A. Subject to the documentation requirements set forth in Paragraph
4 below, the Escrow Agent shall release the Promotional Shares in the following
manner:
(1) Beginning July 3, 1998, the Escrow Agent shall release at the
end of each calendar quarter, commencing with the calendar quarter ending
September 30, 1998, 27,966.3
NYFS11...:\92\56392\0003\1915\AGR1168M.530
(two and one-half percent (2-1/2%)) of the Promotional Shares held in escrow.
All remaining Promotional Shares shall be released from escrow on July 3, 1999.

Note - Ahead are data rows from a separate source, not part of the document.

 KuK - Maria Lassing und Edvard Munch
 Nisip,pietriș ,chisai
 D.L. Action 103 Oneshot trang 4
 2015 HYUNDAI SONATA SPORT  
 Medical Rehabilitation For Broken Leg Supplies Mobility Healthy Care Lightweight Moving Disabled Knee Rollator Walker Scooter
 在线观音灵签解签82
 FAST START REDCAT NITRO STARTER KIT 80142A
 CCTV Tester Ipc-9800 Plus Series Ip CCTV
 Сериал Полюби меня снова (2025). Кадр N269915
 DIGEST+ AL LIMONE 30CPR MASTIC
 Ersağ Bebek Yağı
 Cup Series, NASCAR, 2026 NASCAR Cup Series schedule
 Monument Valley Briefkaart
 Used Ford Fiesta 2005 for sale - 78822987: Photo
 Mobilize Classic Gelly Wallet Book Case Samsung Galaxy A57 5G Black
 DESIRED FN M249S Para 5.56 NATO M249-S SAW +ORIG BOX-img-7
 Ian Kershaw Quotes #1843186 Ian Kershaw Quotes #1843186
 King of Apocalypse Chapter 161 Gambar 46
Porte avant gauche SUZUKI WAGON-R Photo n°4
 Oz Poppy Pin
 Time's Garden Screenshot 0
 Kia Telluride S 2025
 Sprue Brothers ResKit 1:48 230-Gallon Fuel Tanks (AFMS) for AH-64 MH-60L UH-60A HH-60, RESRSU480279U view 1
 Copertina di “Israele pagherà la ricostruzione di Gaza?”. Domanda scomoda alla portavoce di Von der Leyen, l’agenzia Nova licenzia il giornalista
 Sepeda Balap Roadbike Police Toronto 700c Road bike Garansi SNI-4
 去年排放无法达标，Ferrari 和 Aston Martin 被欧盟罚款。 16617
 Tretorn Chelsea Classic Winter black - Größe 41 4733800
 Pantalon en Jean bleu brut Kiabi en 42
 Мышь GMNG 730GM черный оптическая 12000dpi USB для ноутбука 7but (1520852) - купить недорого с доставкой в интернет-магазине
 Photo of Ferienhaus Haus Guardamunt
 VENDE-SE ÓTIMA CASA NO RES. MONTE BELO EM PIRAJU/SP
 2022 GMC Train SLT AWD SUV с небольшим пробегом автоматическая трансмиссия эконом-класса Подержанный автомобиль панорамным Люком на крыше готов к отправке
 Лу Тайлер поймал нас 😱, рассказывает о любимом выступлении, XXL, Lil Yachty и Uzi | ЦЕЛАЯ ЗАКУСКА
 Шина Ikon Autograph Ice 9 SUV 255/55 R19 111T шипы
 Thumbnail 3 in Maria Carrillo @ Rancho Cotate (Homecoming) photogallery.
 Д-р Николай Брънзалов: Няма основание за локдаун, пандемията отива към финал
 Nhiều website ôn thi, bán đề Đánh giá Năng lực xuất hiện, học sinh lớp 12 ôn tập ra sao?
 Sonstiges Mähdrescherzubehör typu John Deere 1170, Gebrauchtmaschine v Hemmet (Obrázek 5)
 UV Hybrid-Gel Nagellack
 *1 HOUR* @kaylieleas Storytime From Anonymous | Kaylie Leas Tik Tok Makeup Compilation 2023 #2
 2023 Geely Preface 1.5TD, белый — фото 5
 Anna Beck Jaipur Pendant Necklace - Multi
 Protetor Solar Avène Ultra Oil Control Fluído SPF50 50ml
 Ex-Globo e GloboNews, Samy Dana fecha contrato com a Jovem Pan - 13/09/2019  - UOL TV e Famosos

B. In the event of a dissolution, liquidation, merger,
consolidation, reorganization, sale or exchange of the Issuer's assets or
securities (including by way of tender offer), or any other transaction or
proceeding with a person who is not a Promoter (the term "Promoter" shall refer
to the persons identified as Promoters on Exhibit A hereto), which results in
the distribution of the Issuer's assets or securities ("Distribution"), while
this Agreement remains in effect, the Depositor agrees that:
(1) All holders of the Issuer's Equity Securities will
initially share on a pro rata per share basis in the Distribution, in proportion
to the amount of cash or other consideration that they paid per share for their
Equity Securities (provided that the Administrator has accepted the value of the
other consideration), until the shareholders who purchased the Issuer's Equity
Securities pursuant to the Public Offering ("Public Shareholders") have
received, or have had irrevocably set aside for them, an amount that is equal to
one hundred percent (100%) of the public offering's price per share times the
number of shares of Equity Securities that they purchased pursuant to the public
offering and which they still hold at the time of the Distribution, adjusted for
stock splits, stock dividends, recapitalizations and the like; and
(2) All holders of the Issuer's Equity Securities shall
thereafter participate on an equal, per share basis times the number of shares
of Equity Securities they hold at the time of the Distribution, adjusted for
stock splits, stock dividends, recapitalizations and the like.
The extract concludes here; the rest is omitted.